High school in Clarence, New York, United States

Clarence High School, also known as Clarence Central High School or, formerly, Clarence Senior High School, is a public high school located in Clarence, Erie County, New York, United States. It is the only high school operated by the Clarence Central School District. Kenneth J. Smith is principal.

==Clarence Central School District==
Established in 1949 by the New York State Board of Regents. The district includes six schools in the Clarence area, east of Buffalo, New York. Matt Frahm is superintendent of schools.
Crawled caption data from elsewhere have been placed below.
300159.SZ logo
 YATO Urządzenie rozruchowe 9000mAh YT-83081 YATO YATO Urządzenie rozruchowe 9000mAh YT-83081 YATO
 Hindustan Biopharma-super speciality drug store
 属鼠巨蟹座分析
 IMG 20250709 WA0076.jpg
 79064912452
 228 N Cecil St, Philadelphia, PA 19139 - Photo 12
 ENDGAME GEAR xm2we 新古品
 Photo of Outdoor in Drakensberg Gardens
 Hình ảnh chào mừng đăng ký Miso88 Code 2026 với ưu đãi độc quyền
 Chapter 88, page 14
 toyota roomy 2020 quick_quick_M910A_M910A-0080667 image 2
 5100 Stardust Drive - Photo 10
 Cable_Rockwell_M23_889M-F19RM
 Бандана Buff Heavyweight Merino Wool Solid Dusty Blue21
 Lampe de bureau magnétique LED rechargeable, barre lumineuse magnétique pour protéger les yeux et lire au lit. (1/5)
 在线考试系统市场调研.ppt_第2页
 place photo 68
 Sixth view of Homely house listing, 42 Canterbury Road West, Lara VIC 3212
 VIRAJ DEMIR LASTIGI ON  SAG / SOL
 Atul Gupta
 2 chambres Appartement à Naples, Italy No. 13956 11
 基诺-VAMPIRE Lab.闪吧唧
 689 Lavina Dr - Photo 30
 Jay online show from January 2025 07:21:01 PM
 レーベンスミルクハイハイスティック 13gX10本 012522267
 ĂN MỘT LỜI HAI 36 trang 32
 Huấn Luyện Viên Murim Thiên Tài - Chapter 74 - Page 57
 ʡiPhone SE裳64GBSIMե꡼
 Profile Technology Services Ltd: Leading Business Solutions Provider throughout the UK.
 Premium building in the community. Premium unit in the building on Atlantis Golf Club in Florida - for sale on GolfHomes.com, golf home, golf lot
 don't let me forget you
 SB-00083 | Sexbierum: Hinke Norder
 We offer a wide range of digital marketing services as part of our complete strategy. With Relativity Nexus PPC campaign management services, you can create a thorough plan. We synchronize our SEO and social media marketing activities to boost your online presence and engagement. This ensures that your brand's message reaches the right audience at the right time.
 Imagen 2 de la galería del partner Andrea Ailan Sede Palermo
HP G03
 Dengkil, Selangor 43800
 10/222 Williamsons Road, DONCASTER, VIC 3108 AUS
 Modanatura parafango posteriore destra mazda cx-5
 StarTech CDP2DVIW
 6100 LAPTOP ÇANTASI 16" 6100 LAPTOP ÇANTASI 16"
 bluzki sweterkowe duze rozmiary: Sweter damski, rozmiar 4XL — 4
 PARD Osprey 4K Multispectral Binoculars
In 2006 and 2007, Clarence stayed in the first spot in the Business First School rankings. In 2009, Clarence was ranked 4th out of 131 Western New York high schools.

===High school===
- Clarence High School (Built in 1950), Building Principal - Kenneth J. Smith

===Middle school===
- Clarence Middle School (Built in 1963), Building Principal - Ashley Dreibelbis

===Elementary schools===
- Clarence Center Elementary (Built in 1938), Principal - Heidie Buffamonte
- Ledgeview Elementary (Built in 1962), Principal - Keith E. Kuwik
- Harris Hill Elementary (Built-in 1953), Principal - Robert Boccaccio
- Sheridan Hill Elementary (Built-in 1958), Principal - Jenna Arroyo

==Notable alumni==
- Kevyn Adams, NHL forward for the Phoenix Coyotes; alternate captain of the Carolina Hurricanes in 2006; former general manager for the Buffalo Sabres
- Laura Aikin, American operatic coloratura soprano
- Nikki Dinki, chef; finalist on Food Network Stars; TV show host
- Lauren Fix, automotive expert, television host and personality
- Neil Haskell, contemporary dancer; original cast member for Hamilton on Broadway
- Katie MacFarlane, former professional women's basketball player
- Pam MacKinnon, stage director; winner of the 2013 Tony Award for Best Direction of a Play
- Mark Murphy, athlete; co-captain of Super Bowl XVII Champions Washington Redskins, Pro Bowl 1982 and 1983; current President/CEO of the Green Bay Packers; graduated in 1973
- Chad Michael Murray, actor
- Jason Vieaux, classical guitarist; winner of 2015 Grammy for Best Classical Instrumental Solo
- Patrick Wilson, drummer; member of the rock band Weezer
- Chris Pirillo, American entrepreneur and former television host on TechTV.